Rother FM

Rotherham; England;
- Frequency: FM: 96.1 MHz
- RDS: ROTHERFM

Programming
- Format: Contemporary

Ownership
- Owner: Bauer

History
- First air date: 15 October 2006
- Last air date: 31 August 2020

Technical information
- Transmitter coordinates: 53°25′01″N 1°21′05″W﻿ / ﻿53.4169°N 1.3513°W

= Rother FM =

Radio station in Rotherham, South Yorkshire, England

Rother FM was an Independent Local Radio station serving the English town of Rotherham. The station was on air from 2006 until it was closed in 2020 by owners Bauer so that the frequency could be used to broadcast Greatest Hits Radio Yorkshire.

==Studios and coverage==
Rother FM was originally based in Rotherham from its studios at Aspen Court in Templeborough, but later moved to Doncaster as part of cost saving measures. It covered the Rotherham Borough from its transmitter at Boston Castle, although it could easily be heard in neighbouring areas such as Sheffield and Barnsley.

==Background==
Prior to being awarded the licence by Ofcom, Rother FM broadcast two Restricted Service Licence broadcasts from the Carlton Park Hotel. The station went on to be awarded the full-time licence and launched at 10 am on Sunday 15 October 2006 with presenter James Marriott hosting the first show.

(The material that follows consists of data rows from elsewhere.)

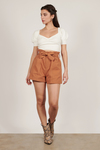 Carden Terracotta Belted Shorts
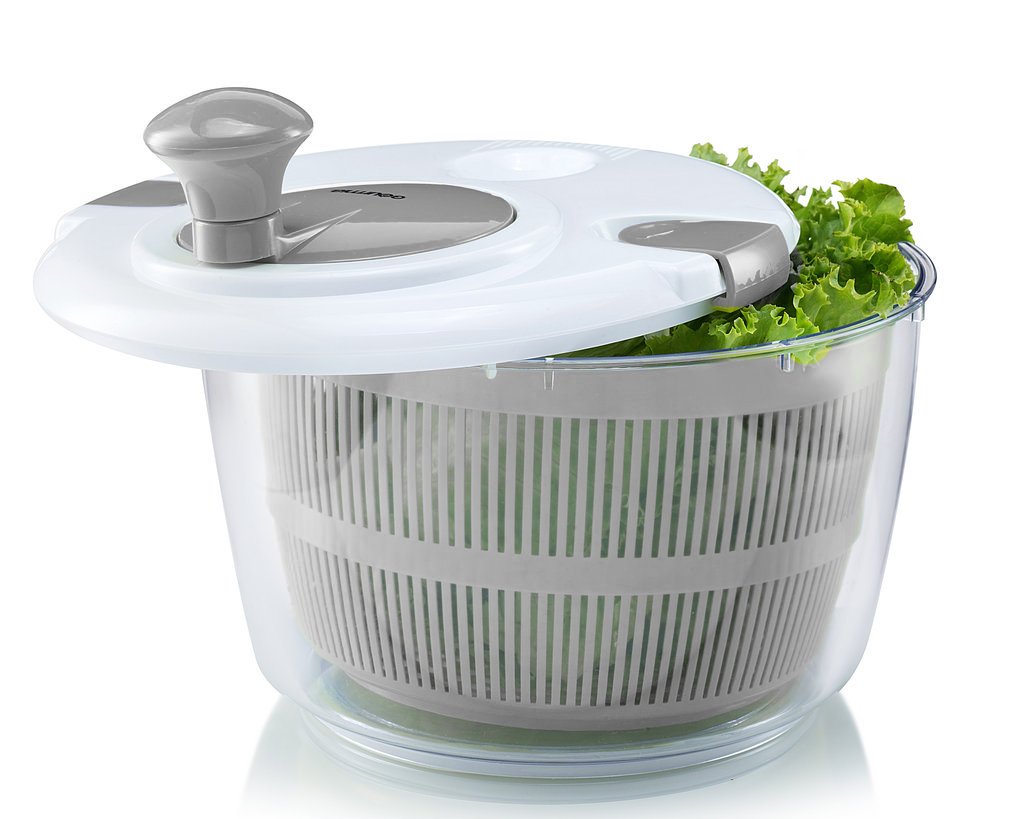 Gourmia GMS9100 Collapsible Salad Spinner Manual Veggie & Lettuce Dryer With Crank Handle & Folding Design Extra Large Capacity, Durable BPA free food safe material,Green  - Like New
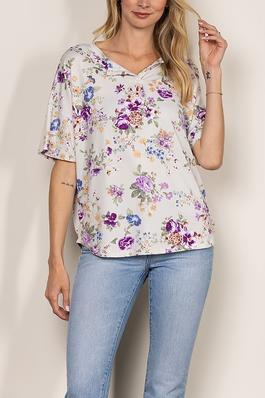WILD FLORAL PRINT SHORT SLEEVES KNIT TOP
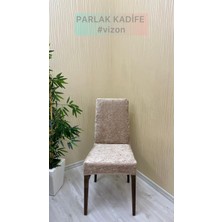 Parlak Kadife Kumaş Standart Işıltılı Lüks Sandalye Koruyucu Örtüsü - Vizon - Beş Adet
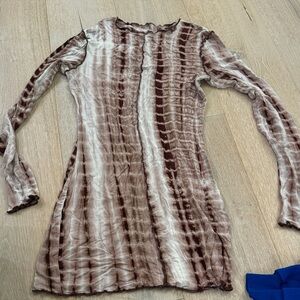 Brown and Cream Tie-Dye Long Sleeve Dress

It was part of the Lincs FM Group of radio stations and broadcast on the old Hallam FM frequency of 96.1 MHz FM. The station broadcast a mix of current chart music as well as well known tracks from the 1960s, 1970s, 1980s, 1990s and 2000s alongside news, information and competitions.

==Closure==
Lincs FM Group was purchased by Bauer Radio in February 2019 and eighteen months later, most of the group's remaining stations including Rother FM, were rebranded as Greatest Hits Radio.